Where can the power to influence be found? It is the perennial political question. Not Bono, Barack or Ban, apparently, but Jorge Mario Bergoglio, former Archbishop of Buenos Aires and current Pontiff. For Carroll, even in this most secular of cities such as NYC, a visible sacral politics is indispensable. Francis as international statesman satisfies this requisite public yearning in ways that other leaders presently cannot.
However this engagement is occurring in the full knowledge of the challenges that a sacral agenda poses to secular political norms. In the context of observing Francis’ popularity, Adam Gopnik writes:
And yet this Pope is no more a ‘liberal’ Pope than he is a secret Muslim Pope—he’s the Pope. His historic role, which he is playing, is to be a very well-dressed critic of the liberal state in all its forms.
So how does the paradox hold? We turn first to our previous examples. Forecasting his election in Australia, Howard once declared that ‘the times will suit me’. The Howard paradox arguably held because Australia’s policy emphasis on difference with Asia (something that caused diplomatic offense on many occasions) occurred at a time when bilateralism was returning as a palatable (and culturally compatible) strategy for engaging with Asian states. Likewise, the Reagan paradox was sustained not because the zero-sum risks of Cold War security were any less, but because the world economy was revolutionizing thereby motivating the US to engage a pervasively inefficient and politically weak Soviet Union on a win-win reform agenda.

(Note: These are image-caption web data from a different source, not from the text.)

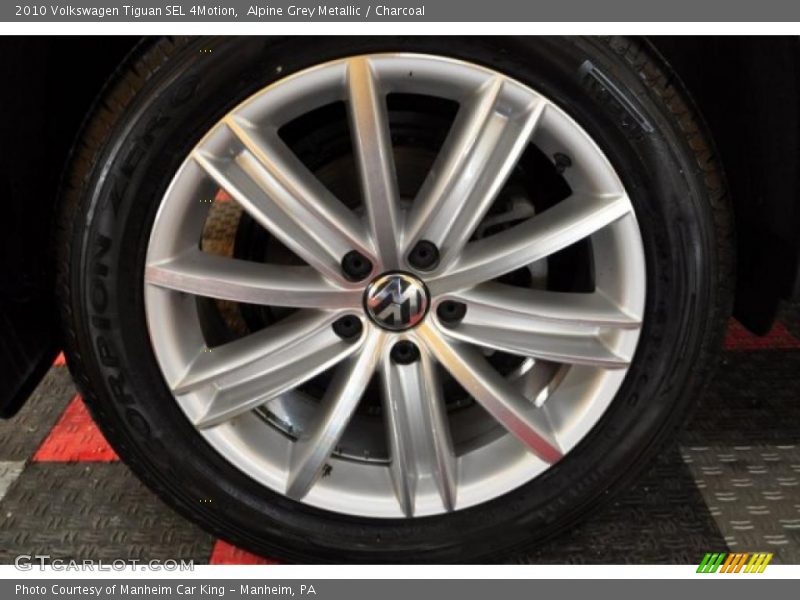Alpine Grey Metallic / Charcoal 2010 Volkswagen Tiguan SEL 4Motion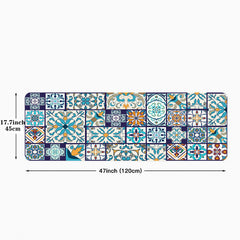 Floral Print Kitchen Mat Anti Fatigue Absorbent Washable Durable Runner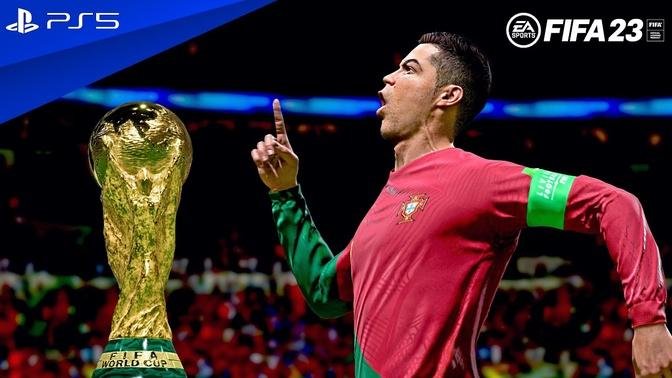 FIFA 23 - Brazil vs. Portugal - World Cup 2022 Final Match | PS5™ [4K60]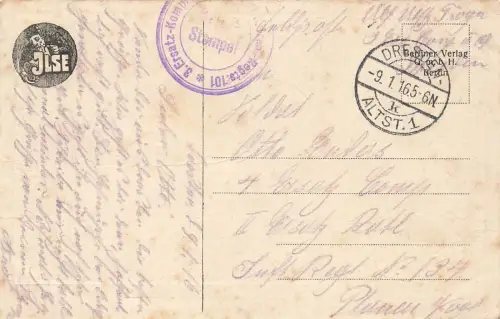 AK 1.WK Unterseeboot U9 Kapitänleutnant Weddigen 1916 Patriotika Postkarte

So it is that the times now suit Francis, the world’s first Argentinian Pope, and in ways that make surprising sense to a secular West. Forged in the Cold War conflicts of the Western Hemisphere, where the pastoral was always political, Francis’ diplomatic strategy seems intentionally aimed at the hope of a multipolar world where difference and engagement coexist, where ‘left’ and ‘right’ both matter yet neither is dominant. Francis, even as a traditional leader, seems to embody this and thus, at least for now, the paradox holds.
Consider the paradoxical texture of Laudato Si’, the papal encyclical on the global environment that attracted equally global attention from the moment it was released. The encyclical is addressed not only to the faithful but to ‘every person living on this planet’, and yet via a call to moral change that is rooted in ‘the Church’s social teaching’. Why does the latter (a religious moral tradition) not nullify the political appeal of the former (universal engagement)?
Katy Lederer’s New Yorker post asks the same: ‘Why Do We Need Pope Francis to Tell Us What We Know About the Climate?’ Her answer provides insight into the individual impact that trusted religious leaders can still have in the diplomatic sphere:
What is hard but imperative, if we are to have any chance of changing course, is to become, as Francis describes it, ‘painfully aware, to dare to turn what is happening in the world into our own personal suffering and thus to discover what each of us can do about it.’